Gold markets fell initially during the day on Wednesday, but as you can see on the chart we have a yellow rectangle marking where previous resistance had been found. Adrian and I both believe that the $1275 level was a barrier that the market respected for some time, and now that we have broken above there and then turn right back around to test it for support, we feel that the buyers are about to become a little bit more aggressive. By doing so, they will finally break above the $1300 level that has been a psychological barrier for some time now.
Gold is going to go higher for many different reasons in our opinion. Quite frankly, gold was far oversold recently, as the US dollar strengthen due to fear. And then after that, there was the idea that the Federal Reserve is going to start raising interest rates systematically over the course of 2016. However, things are starting to look a little bit softer at this point in time, and as a result we may not get as many interest-rate hikes as once anticipated. This is obviously bad for the US dollar which has a bit of an inverse correlation to the gold market, at least over the longer term. It doesn’t mean that they have to move in opposite directions, just that a falling US dollar certainly can help the value of gold itself.

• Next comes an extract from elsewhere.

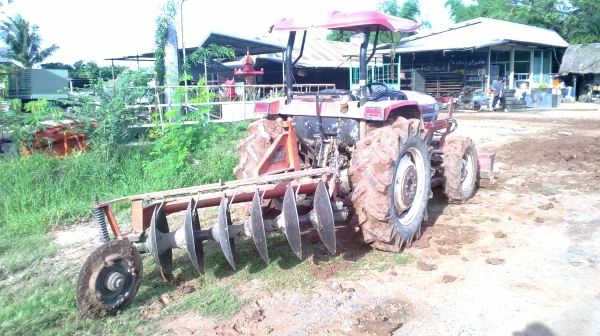 ยันมาร์45แรง ขาย310,000 !!! สภาพเหมือนในรูปพร้อมใช้งาน สีเดิม เครื่องดี ราคาไม่แพง/พร้อมอุปกรณ์1ชิ้นดันหน้า รถอยู่โคราช อ.ขามสะแกแสง ยันมาร์45แรง ขาย310,000 !!! สภาพเหมือนในรูปพร้อมใช้งาน สีเดิม เครื่องดี ราคาไม่แพง/พร้อมอุปกรณ์1ชิ้นดันหน้า รถอยู่โคราช อ.ขามสะแกแสง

Going forward, the momentum certainly looks as if it is starting to pick back up as the moving averages are all starting to turn higher again. On this chart, we have the 25 day exponential moving average, the 50 day exponential moving average, and the 100 day exponential moving average plodded. They all look very healthy, and they are starting to spread back out again. With that being said, it appears the trend traders and more importantly – long-term traders – are looking to buy gold at this point in time. We believe that we’ve started yet another multi-year run higher, mainly because of uncertainty out of various central banks around the world. Loose monetary policy is going to be the norm for much longer than anticipated.